Mais uma novidade é a exigência de que o proponente apresente um plano de acessibilidade ao projeto ou produto cultural, visando democratizar o acesso da população. Segundo Juca, “no texto da lei não ha restrição a projetos que não geram uma acessibilidade maior ao público.” O decreto estaria então tentando limitar eventos como peças de teatro que consomem milhões em incentivos fiscais e cobram ingressos inacessíveis à maioria da sociedade, sem oferecer nenhum tipo de contrapartida social? Ele admite que também se inquieta com projetos que tenham um “nível de acesso” pequeno e critica: “Todo o conceito da gestão cultural anterior à nossa gestão era voltado para beneficiar os profissionais da área cultural.” Ferreira exemplica, dizendo que era como se o Ministério da Educação criasse medidas que beneficiassem apenas os professores.

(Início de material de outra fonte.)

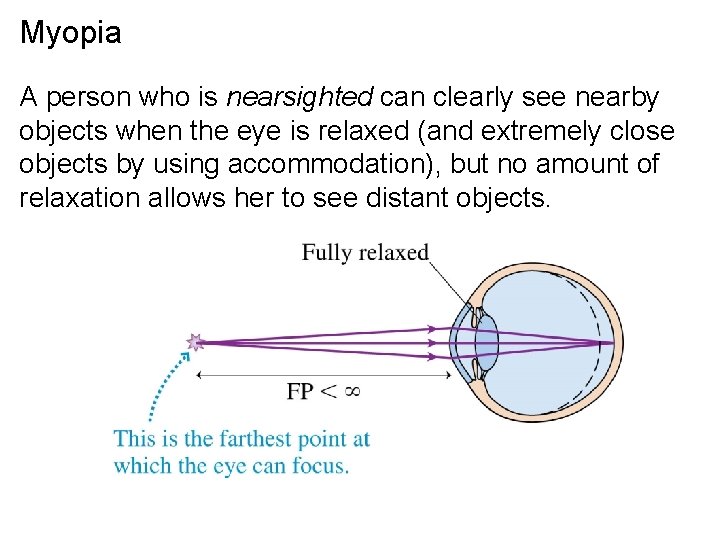 Myopia A person who is nearsighted can clearly see nearby objects when the eye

Outro ponto importante do decreto é não permitir mais que o captador de recursos seja remunerado com até 10% do valor do projeto. Ele terá que ser incluido nos gastos com despesas administrativas, que são limitadas a 15% do valor total. Ferreira diz que essa é uma distorção da Lei Rouanet apontada por unanimidade já nos resultados do seminário “Cultura para Todos”. Ele afirma que a remuneração anterior de 10% implicava em uma elevação de custos nos projetos aprovados, e que o objetivo é racionalizar e qualificar os custos e gastos dos projetos.
O decreto repercutiu esta semana em matérias de destaque publicadas na grande imprensa. O jornal Folha de S. Paulo noticiou as mudanças em duas matérias intituladas “O circo do incentivo” e “Minc engole sapo e só faz mudanças superficiais”. Já O Estado de S. Paulo ouviu diversos profissionais da área cultural, boa parte deles fazendo críticas às mudanças. Perguntado sobre essas reações negativas, Ferreira diz que fica surpreso e que as desconhece. “Todos reconhecem que fizermos uma mudança significativa no Ministério. A qualidade de atuação do Minc é exemplar em coragem e ousadia”.